5 Engineering Best Practices for Deep Learning Model Deployment on NVIDIA Jetson

featured image for engineering best practices on jetson

The introduction of powerful low-energy devices has triggered a new era of advanced AI methods that can be run at the edge. But training and deploying deep learning models at the edge can be daunting due to the harsh restrictions associated with edge devices. How do you build a model that is not too complex or large to run on the edge device, but still makes the most of the available hardware? 

NVIDIA Jetson is one of today’s most popular families of low-power edge hardware. It’s designed to accelerate deep learning models on edge hardware, whether for robotics, drones, IoT devices, or autonomous cars. In the blog “Make the Most of Your Jetson’s Computing Power for Machine Learning Inference,” we introduced the Jetson architecture, components, and utilities; we also pointed out those settings that most dramatically impact performance. This blog focuses on engineering best practices for model deployment, to help you get the most out of your models when they’re running on edge devices.

5 Best Practices for Deploying Your Model on Jetson

Based on our experience with AI model optimization, we’ve gathered the top five best practices that can help you more easily deploy your model on Jetson, while maximizing performance and minimizing costs.

#1: Optimize Your Model’s Runtime for Jetson 

Our first tip is to make sure you optimize your model’s runtime using quantization, pruning, or any other method that will maximize your deep learning neural network’s performance. You can also use the Deci Lab to optimize your model specifically for Jetson. Once that’s done, it’s time to go ahead and configure your Jetson device for optimal performance

  • If you want to use the Deci Lab to optimize your model, simply upload your model and let the Lab return a Jetson Xavier/Nano model ready for production.  The Deci Lab is a web platform that offers you a hub with pre-trained models and the option to optimize your own model for its target hardware–including quantization and graph compilers. You can also use the Lab to benchmark your model’s performance on different hardware and batch sizes .
  • To optimize the model’s runtime for Jetson, make sure you’re carrying this out for your specific JetPack version. Keep in mind that JetPack versions are coupled with TensorRT versions. This means your TensorRT checkpoints can only be loaded on the same TensorRT version and JetPack version on which they were compiled. You can find additional information in the NVIDIA developer’s forum for Jetson

#2: Find the Right Production Parameters for Your Inference Pipeline

Finding the right production parameters for inference, whether batch size, threads, or processes can also help make the most of your Jetson device.  

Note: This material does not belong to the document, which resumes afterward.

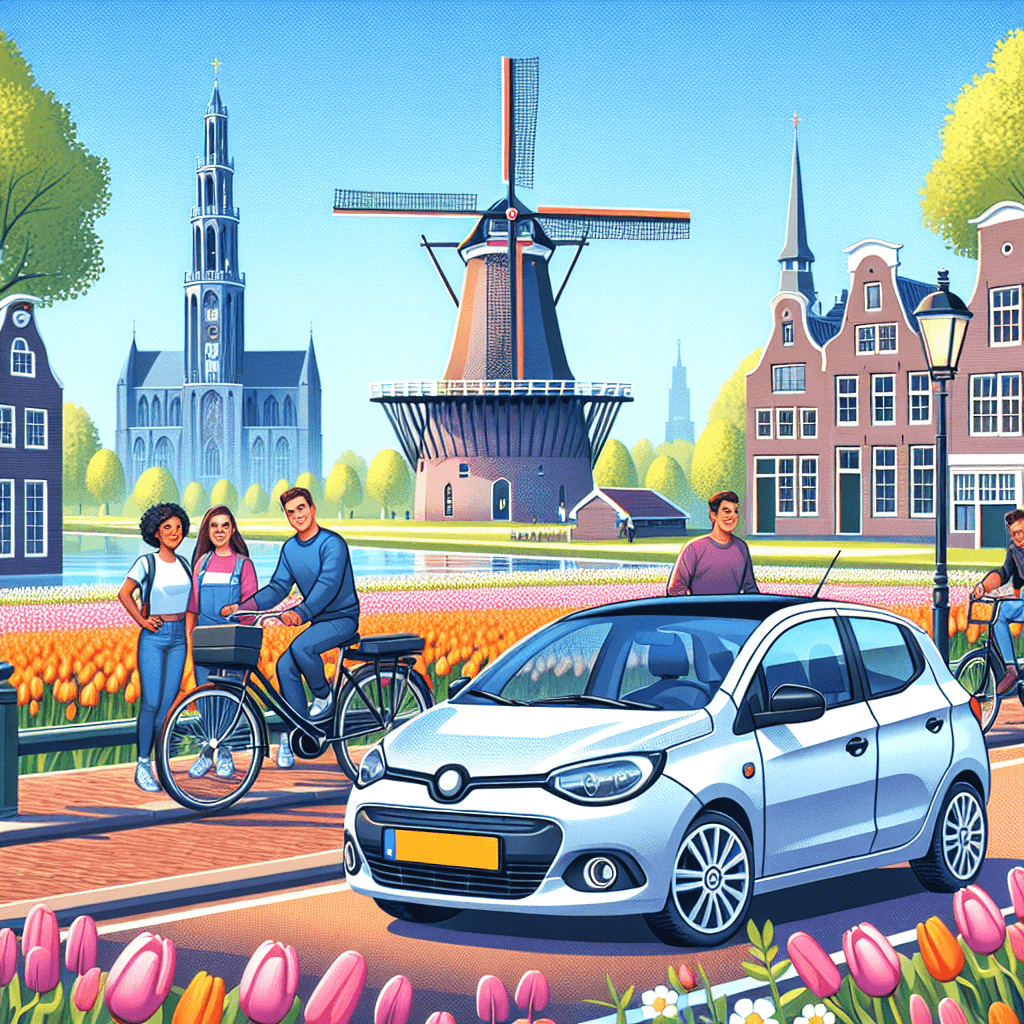 Urban car parked near tulip field, windmill, and church in Haarlem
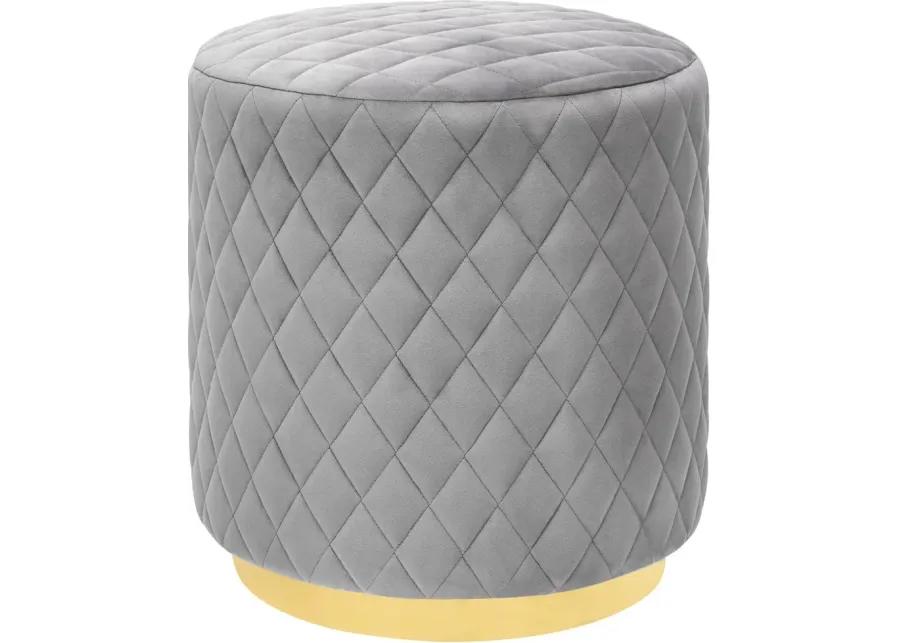 Abir Grey Velvet Ottoman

  • Batch size – Because Jetson has limited memory space, you’ll need a batch size that is smaller, but not so small that it adversely impacts latency. For example, if your application involves object detection, the ideal batch size should allow you to reach 30 FPS end-to-end. When working with a GPU, we strive to use a batch size higher than 1 but lower than 64; but, with the memory limitation and latency requirements for Jetson, it makes sense to keep the batch size lower than 64. Deci has automated solutions for this long and frustrating process.
  • We recommend keeping the batch size small, especially if the output is large. Sometimes it’s better to use 4 replications of batch size of 2 than work with a single replication in a batch size of 8. Another option is to use the Deci Lab to find out how your model performs with different batch sizes on Jetson devices.
  • Number of threads and processes – The optimal configuration or combination of these is usually achieved by trial and error. They have to live in harmony and work in concert so they don’t disrupt one another. Try to do what you can to automate this process since it’s crucial for optimal deployment on Jetson. Another option is to have Deci’s optimization find the sweet spot for the number of threads and processes on your model. 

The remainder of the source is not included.